> PROBLEM TO WORK ON: From the first line to the last, retype everything below exactly, minus the pictures.

> RECORDED DATA:
####
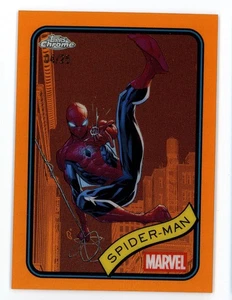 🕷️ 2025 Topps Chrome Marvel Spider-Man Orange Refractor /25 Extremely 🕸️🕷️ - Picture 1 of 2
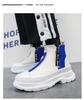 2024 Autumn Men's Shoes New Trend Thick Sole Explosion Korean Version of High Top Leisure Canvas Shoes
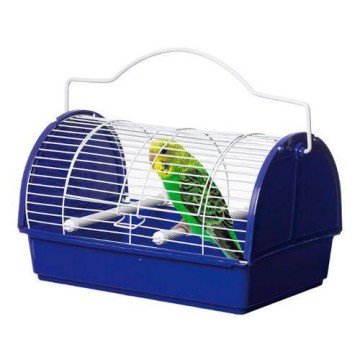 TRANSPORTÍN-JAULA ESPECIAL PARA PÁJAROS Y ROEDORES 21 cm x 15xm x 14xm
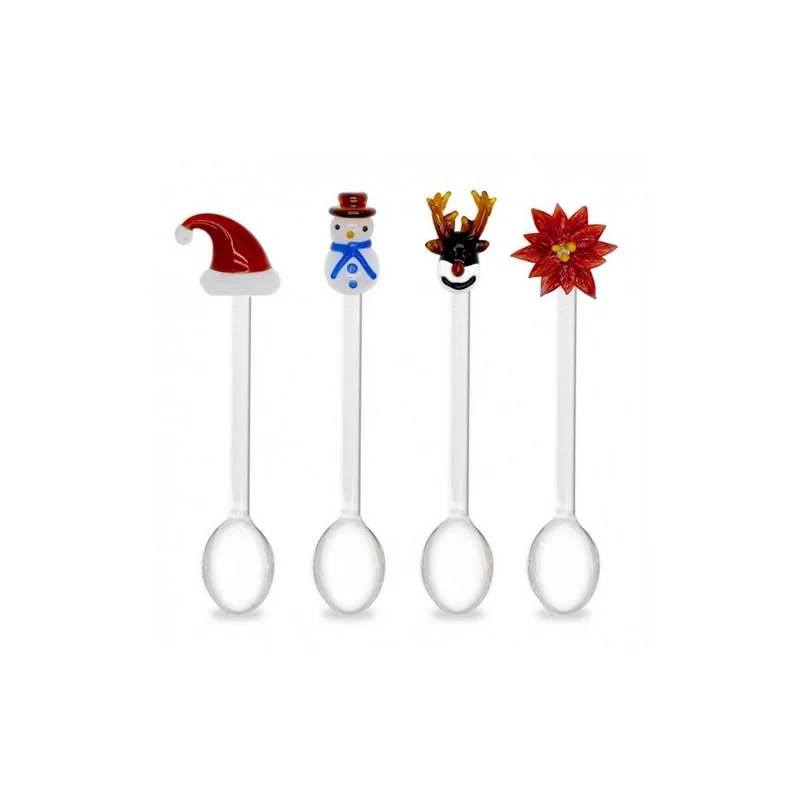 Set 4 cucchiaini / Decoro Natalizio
####
> WRITTEN SOLUTION:
 🕷️ 2025 Topps Chrome Marvel Spider-Man Orange Refractor /25 Extremely 🕸️🕷️ - Picture 1 of 2
 2024 Autumn Men's Shoes New Trend Thick Sole Explosion Korean Version of High Top Leisure Canvas Shoes
 TRANSPORTÍN-JAULA ESPECIAL PARA PÁJAROS Y ROEDORES 21 cm x 15xm x 14xm
 Set 4 cucchiaini / Decoro Natalizio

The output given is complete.